Peer reviewed Cheminformatics #2: Code review for the Chemistry Development Kit

Peer review is an important component of open source development, and recently there was the discussion the other way around, if open source is required for peer review. Depends on your definition of peer review: No, if you restrict peer review to what it is in publishing (see Re: Open Source != peer review); Yes, if we really want to speed up cheminformatics evolution and assume unrestricted, open peer review where reviewers can openly publish there review report with all the greasy details (see Peer reviewed Chemoinformatics: Why OpenSource Chemoinformatics should be the default).

The CDK has a strong history of peer review. Patches have been available from SVN from the start, and later we instantiated a mailing list so that people could easily monitor code changes, and I have actually being doing this since the start, scanning the code patches, knowing that a lot of code is backed up by unit tests to detect regressions. Anyone can review CDK code in this manner, just by subscribing to the cdk-commits mailing list. If one has questions or comments on a patch, a reply to cdk-devel is all that is needed to get things going.

About a year ago, CDK development had become so extensive that code review in this manner was no longer the way forward (though still possible, and still used). However, it turned out that it was all too easy to overlook a patch or just click it away in busy times. This was experienced by some developers who previously monitored the cdk-commit messages sketched above. So, we moved to a more formal patching system where any non-trivial patching is done in a SVN branch. Once the primary developer is happy about the branch, (s)he requests a review by other developers. These can leave comments in the source code, reply to the mailing list, or leave comments in the CDK patch tracker. This more formal work habit got into action about half a year ago already.
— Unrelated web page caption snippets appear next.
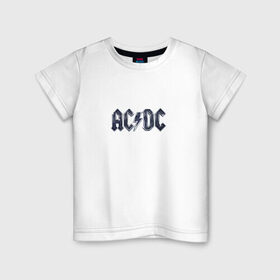 Детская футболка хлопок с принтом AC/DC в Новосибирске, 100% хлопок | круглый вырез горловины, полуприлегающий силуэт, длина до линии бедер | Тематика изображения на принте: ас | группа | дс | логотип | музыка | печни | рок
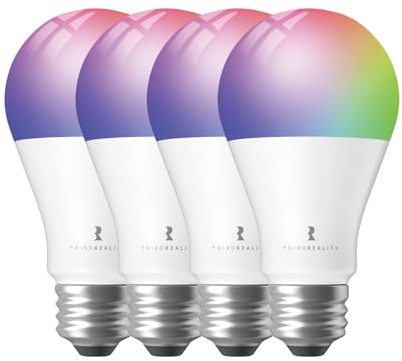 THIRDREALITY Zigbee Smart Color Bulb ZL1 4Pack,Compatible with Home Assistant(ZHA&Z2M), SmartThings,Aeotec,Homey,Hubitat or Echo Devices With Built-in Hub,A19 RGBCW Bulb,2700K-6500K Tunable,800 Lumens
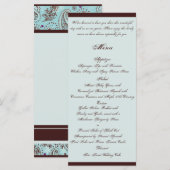 Bleu clair et Paisley Brown Menu Mariage (Devant / Derrière)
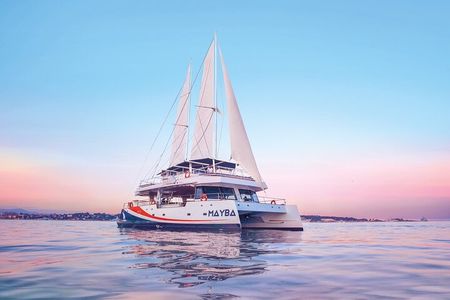 The Sunset in Boat Antibes Marina Bay of Angels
A recent message from Stefan makes clear that this tracker has some room for improvements. For example, there is no automatic email to cdk-devel when a patch has not been tended to for a longer period of time. And, I do not see a simple way of doing this with the SourceForge bug track system.

But, what I can do, is define a number of groups to represent the state of the patch. So, I defined:
  • Needs Review: this patch has not been reviewed (sufficiently) yet
  • Accepted: but not yet applied to SVN yet. When applied, the patch report is simply closed
  • Needs Revision: the reviewers like to see changes made to the patch
Not perfect, but a step forward in tracking the state of patches.